В Диарбекирском и других вилайетах Юго-Восточной Анатолии против Абдуррезака выступил также его двоюродный брат Хасан-бей. "Партия" Абдуррезака считалась прорусской, "партия" Хасана - проанглийской. Оба вождя враждовали между собой, внося разлад в курдское движение. Правда, Хасан и Абдуррезак вскоре помирились, но ненадолго [59].
Наконец, Абдул-Кадыр, который вообще держал сторону турок, враждовал со своим племянником шейхом Та, обвинил его перед турецкими властями. Шейх Та вынужден был бежать в Россию. Пробыв недолгое время в Новороссийске, шейх Та, пользуясь покровительством русских властей, переехал в Урмию [60].

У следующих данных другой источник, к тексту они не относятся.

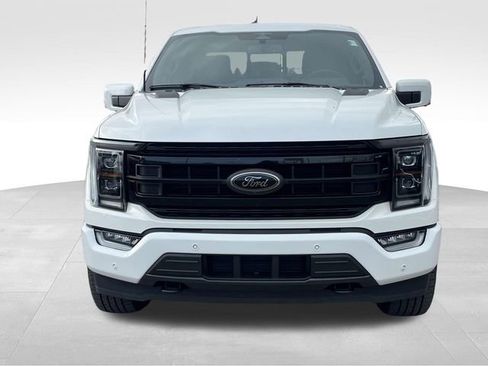 Used 2023 Ford F150 Platinum w/ Equipment Group 701A High image 2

Турецкие власти поспешили воспользоваться разногласиями между руководителями курдского движения. Летом 1913 г. в Турецкий Курдистан выехал видный иттихадист Неджи-бей. Он объехал всю страну, убеждая курдских беев оставаться спокойными, пока правительство не укрепится, дабы не дать державам повод вмешиваться [61].
В район Сиирта - Джизре для переговоров с курдскими вождями прибыл эмиссар турецкого правительства Фейзи-бей. Курды потребовали отозвания наиболее ненавистных турецких чиновников и помилования своих соотечественников,, осужденных турецкими властями. Турки вынуждены были принять эти требования [62]. Однако волнения в районе, в сущности, никогда не прекращались, власть турецкого правительства здесь всегда была непрочной, а нередко даже номинальной. Например, аширет джаф (15 тыс. семейств) никогда не платил податей турецкому правительству. Большинство курдов джаф, часть которых обитала на территории Ирана, вообще не признавали ничьей власти. Традиционно враждебным отношением к турецкому правительству отличались аширет хамавенд и бохтанские курды (25 аширетов) [63]. В казе Шемдинан власть турецкого каймакама была фиктивной. Здесь фактически правили потомки Обейдуллы [64]. Появление представителей турецкой администрации в районах Амадии, Джуламерка и Ревандуза обязательно вызывало активный протест местного населения; в Хакяри правительство даже платило курдам за пребывание там турецких чиновников [65].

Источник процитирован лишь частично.